Q. The traditional approach to security no longer works in a digital world. There are new threat vectors and business networks are more interconnected. What is the new approach to security?
Short answer: Identify your critical business assets and give these a risk score. Create a risk profile. Then monitor the critical assets rather than trying to pay attention to a flood of alerts. Deploy orchestration around it to understand your risk posture at any given point of time. It’s not about having so much technology to control your security posture. Take a platform approach to manage your security technologies and alerts.
Rajnish Gupta: It’s about connecting the technology to the business risk or the business context. One should think about the impact to the business, should there be a security breach. If you can link the technology detail to the business risk, you will be able to manage your security posture and infrastructure in a much better way. This is what we call business-driven security.
It is about finding what is critical to you and assigning a critical position to that. Identify your critical assets and link those to the business risks. Give a risk score to your assets and monitor the critical assets regularly rather than trying to pay attention to a flood of alerts.
The CEO or board member is not interested in knowing about the technicalities of the breach. They just want to know about the impact of the breach and what was lost.
You need to have a platform approach to manage your security.

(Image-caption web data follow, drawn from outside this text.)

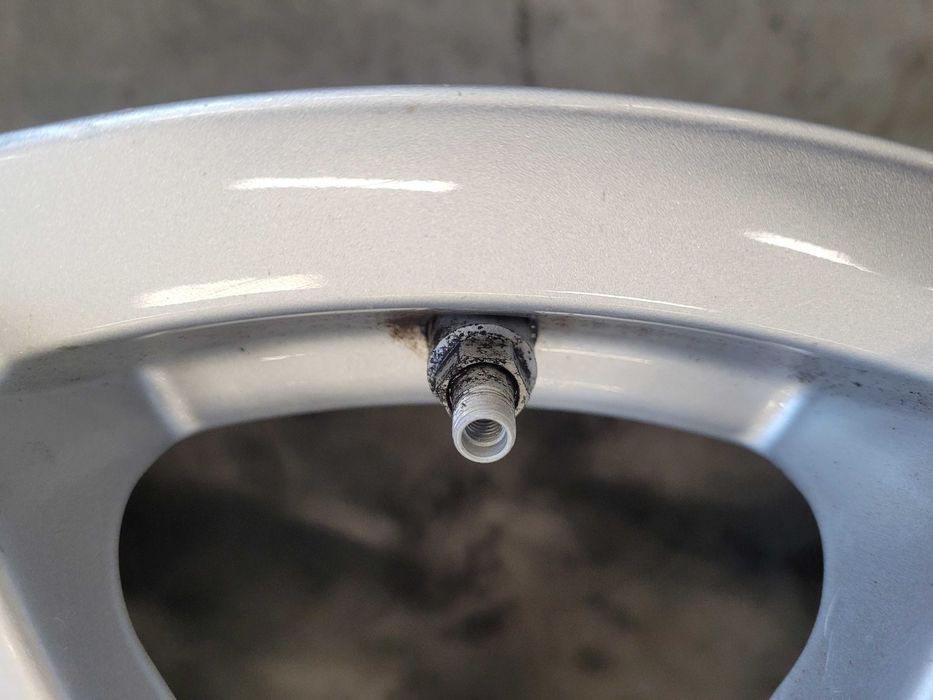 Felgi Aluminiowe volkswagen t 5 r 16 komplet 5 x 120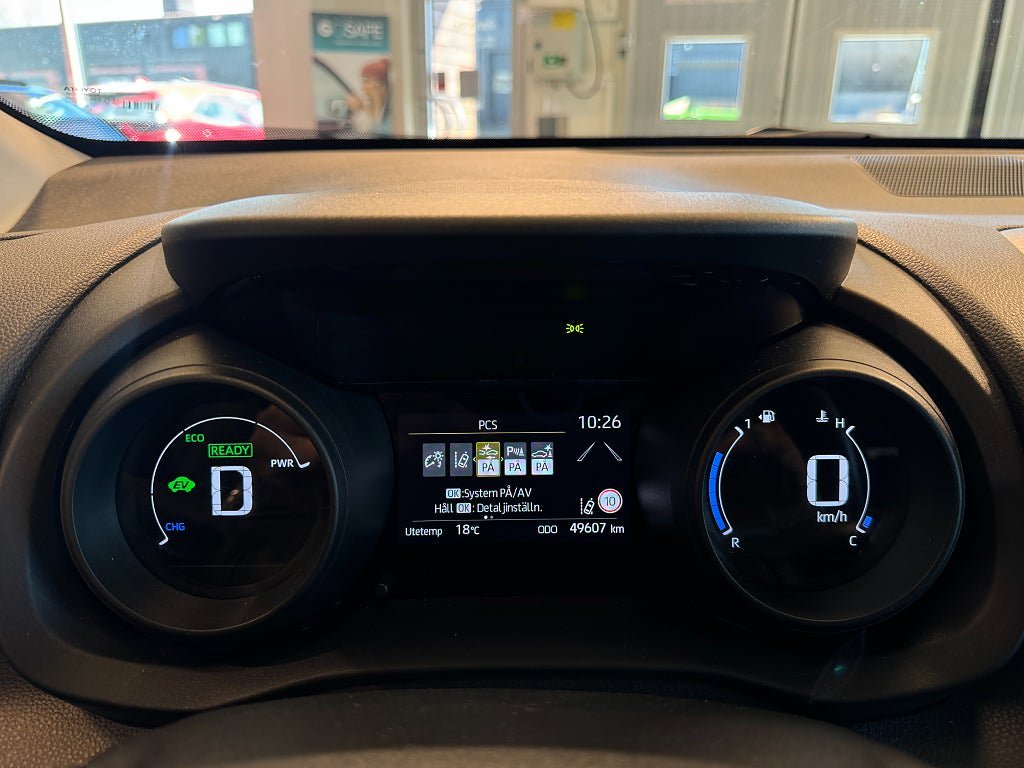 Vehicle Image 11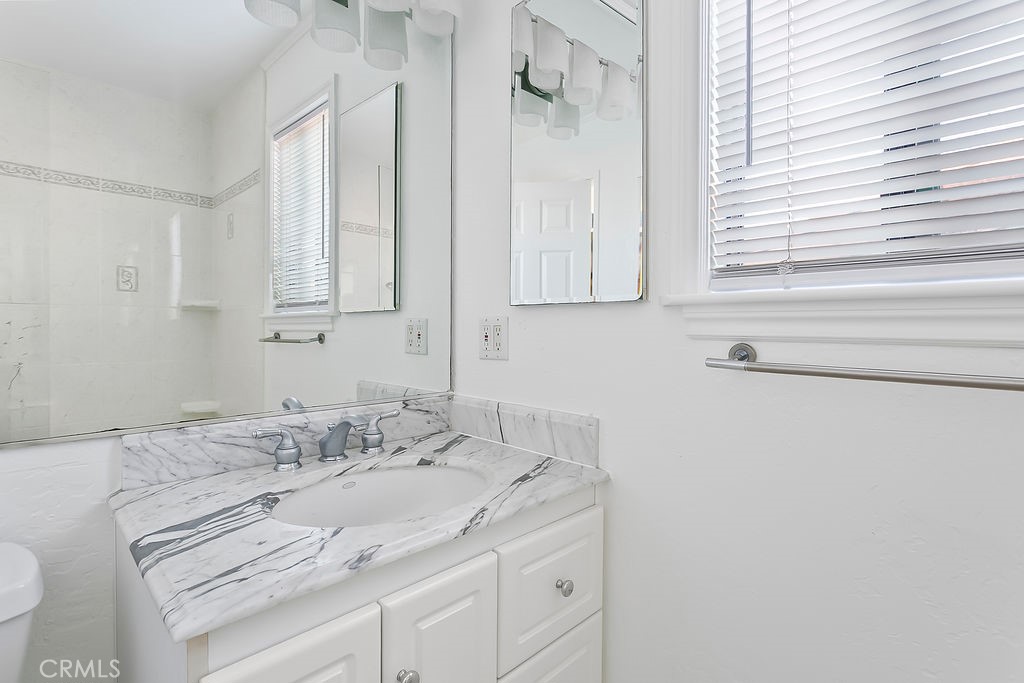 MLS #OC25272534 image #14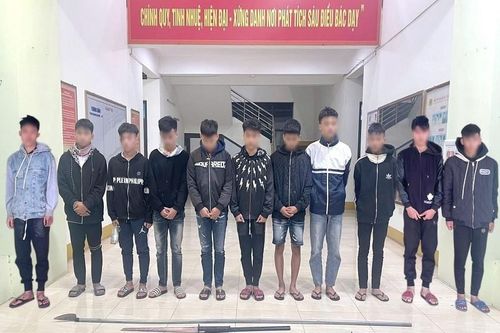 10 thanh thiếu niên gây rối bị bắt
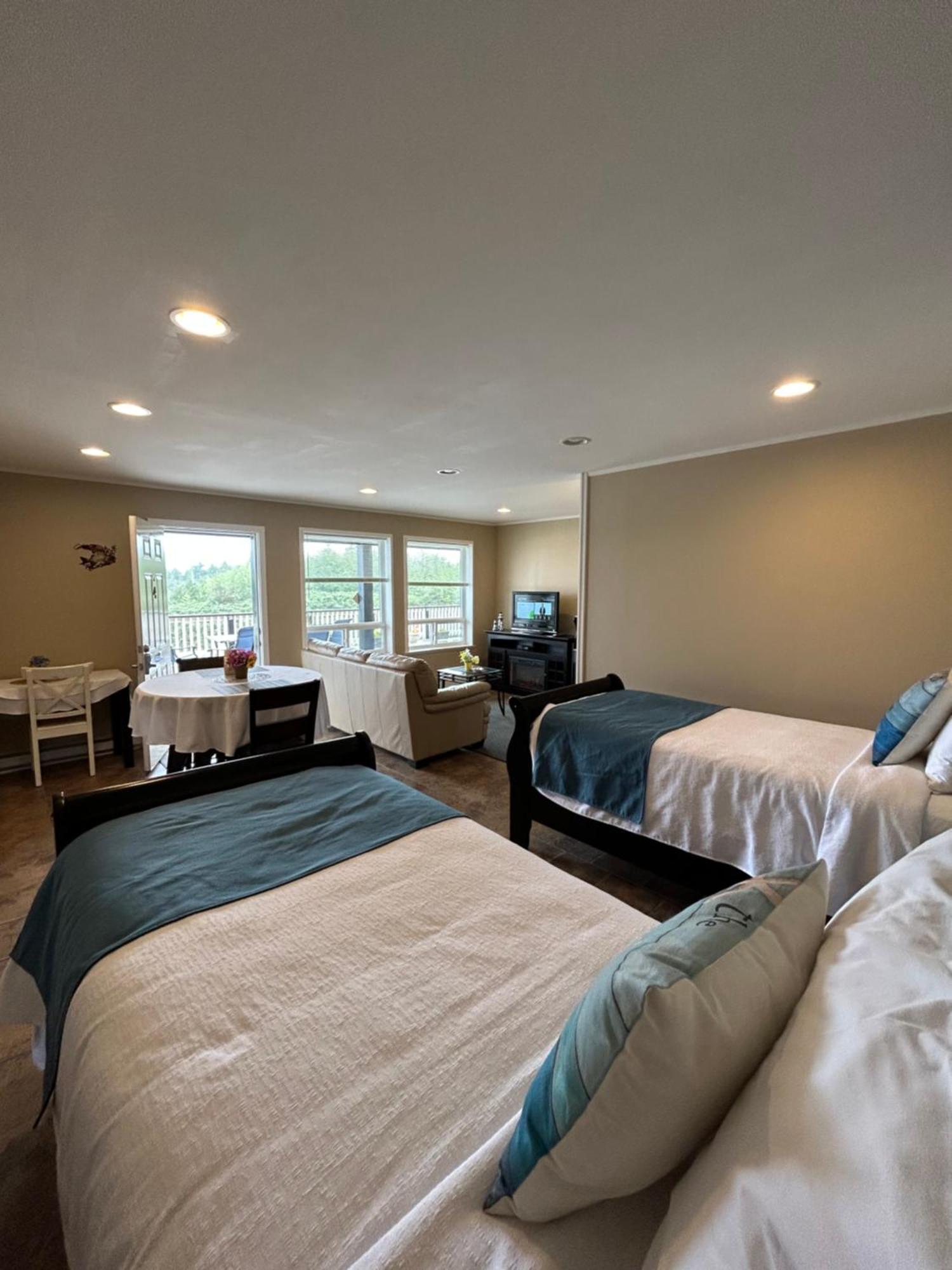 Pacific Rim Guest Lodge - Adults Only Ucluelet Exterior photo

Q. In February this year you announced the RSA Risk & Cybersecurity practice. How does it help in operationalizing business driven security?
Rajnish Gupta: Any engagement that we do goes beyond the product conversation. It has a people-technology aspect. We have tried to do some consulting to advise companies how to do incident response. We advise them how to create their processes around cyber defense. RSA is trying to create awareness on those aspects.

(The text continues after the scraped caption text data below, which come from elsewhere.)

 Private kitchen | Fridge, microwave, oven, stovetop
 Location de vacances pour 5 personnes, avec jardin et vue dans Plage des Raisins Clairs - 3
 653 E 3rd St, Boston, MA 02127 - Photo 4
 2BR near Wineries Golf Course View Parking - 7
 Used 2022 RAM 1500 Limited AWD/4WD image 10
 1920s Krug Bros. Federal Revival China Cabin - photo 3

Q. We now have thousands of things being connected to the network in the Internet of things. How has Identity Access Management evolved over the years?
Rajnish Gupta: Identity has become the weakest link in the security chain. Traditionally, IAM solutions have taken a technology approach. That has not worked out and the deployments have taken a long time to complete. The approach to IAM has changed from technology-oriented to governance-oriented. The business must know what kind of access people in the organization have, even when they change roles. Have the old access privileges been revoked when someone moves on?

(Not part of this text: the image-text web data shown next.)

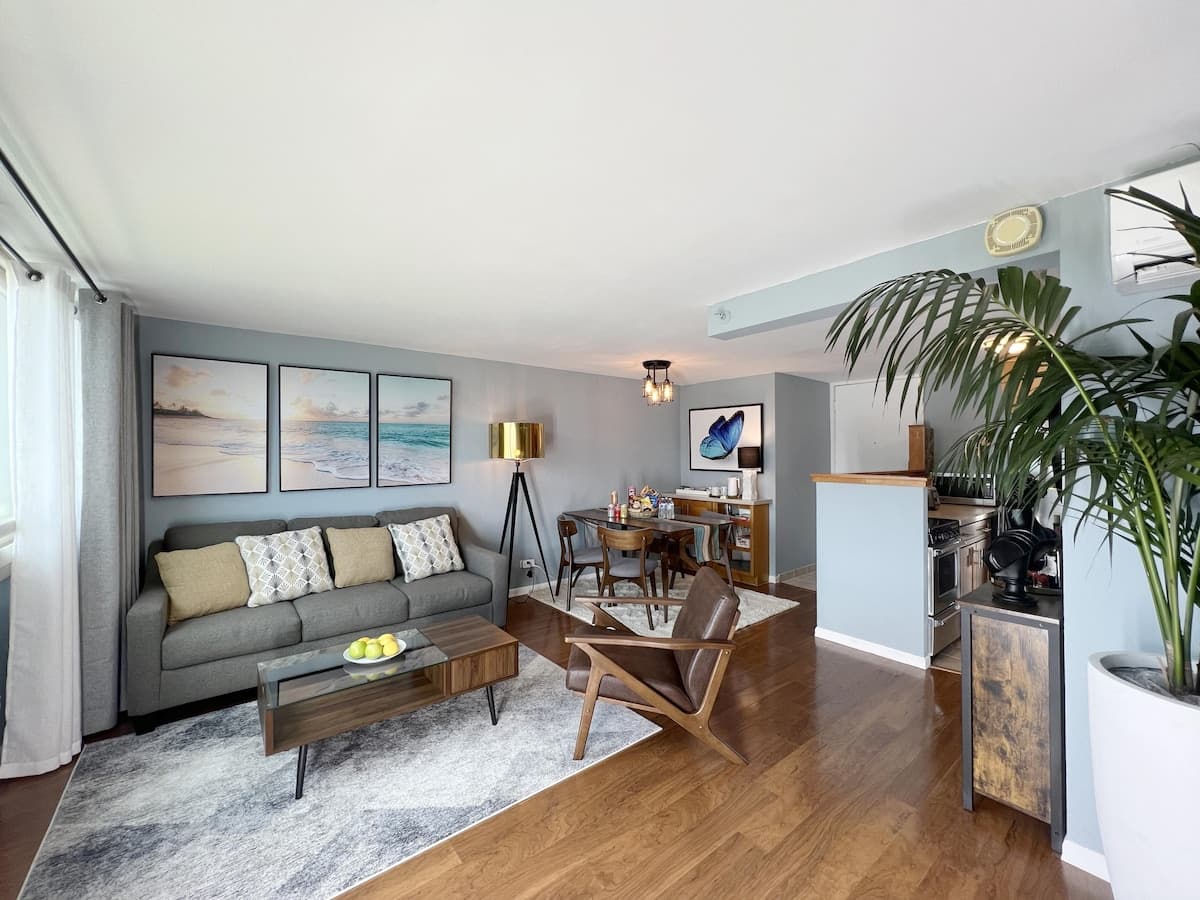 Center of Waikiki - 1 Bedroom 3 Queen Size Beds - Photo 1
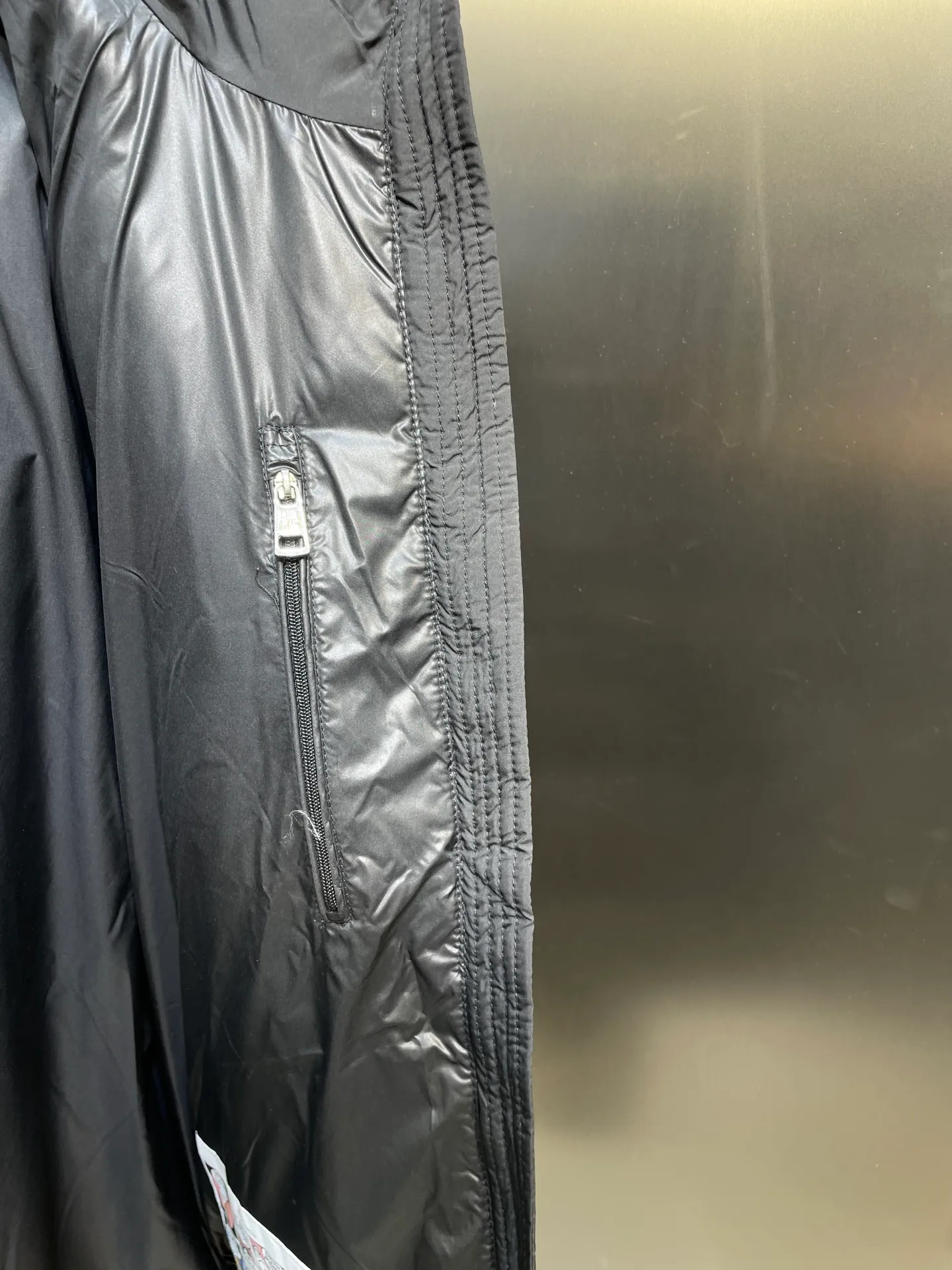 P960 moncler🌟 2025 autumn and winter new style. Original custom hardware accessories are all imported and original customization. Welcome to compare. Absolutely high quality. Use top 95 white duck down. Super soft. Filled with fluffy and full feathers. Super heavy work. Fabric workmanship. Perfect version. Note. Fabric is super comfortable. Exclusive model. Non-market product. Same size for men and women. Size: 12345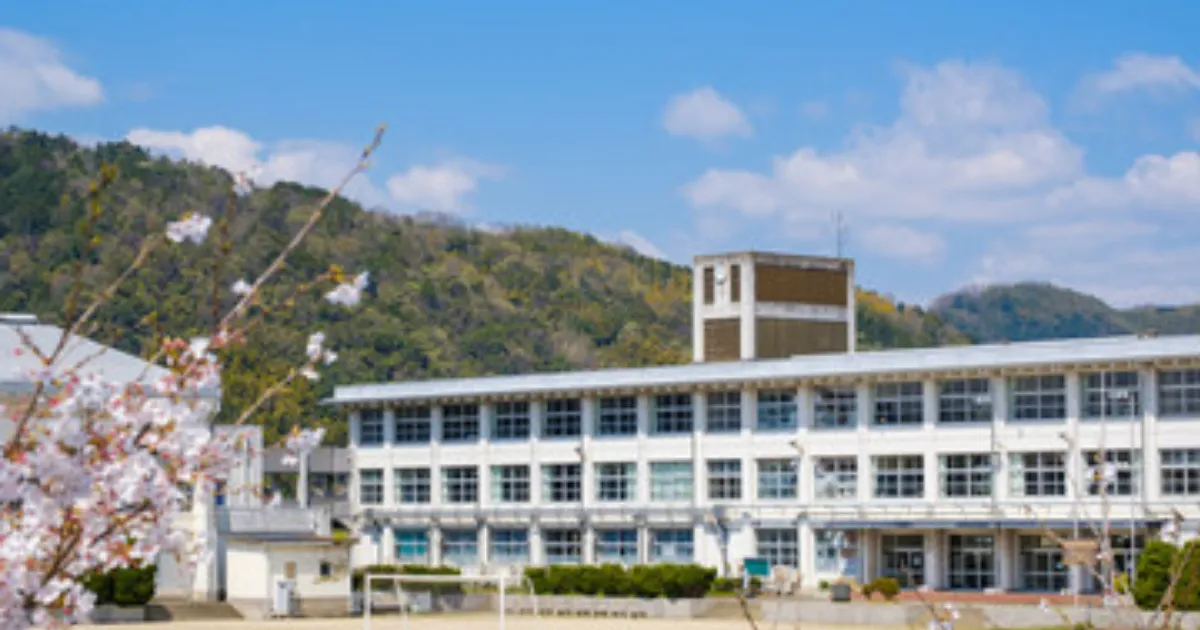 高校で留年する条件とは？赤点が何個で留年になるか・回避方法を解説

The authentication method has also changed from a traditional VPN or token-based one to multi-factor authentication. You can have biometrics with iris scanning and facial recognition today. There is also seamless authentication between the on-premise application and the cloud-based application.
Q. Which are your target verticals in India? Can you name some of the companies who are using RSA security solutions?
Rajnish Gupta: We have a predominant presence in BFSI, IT/ITES and Government/PSU. HDFC Bank uses our fraud risk intelligence solution to secure online transactions. The solution does risk profiling and risk assessment based on user behavior. Many public sector banks in India are using this solution. The IT/ITES companies such as GenPact are using our SOC (NetWitness) and GRC (RSA Archer) solutions.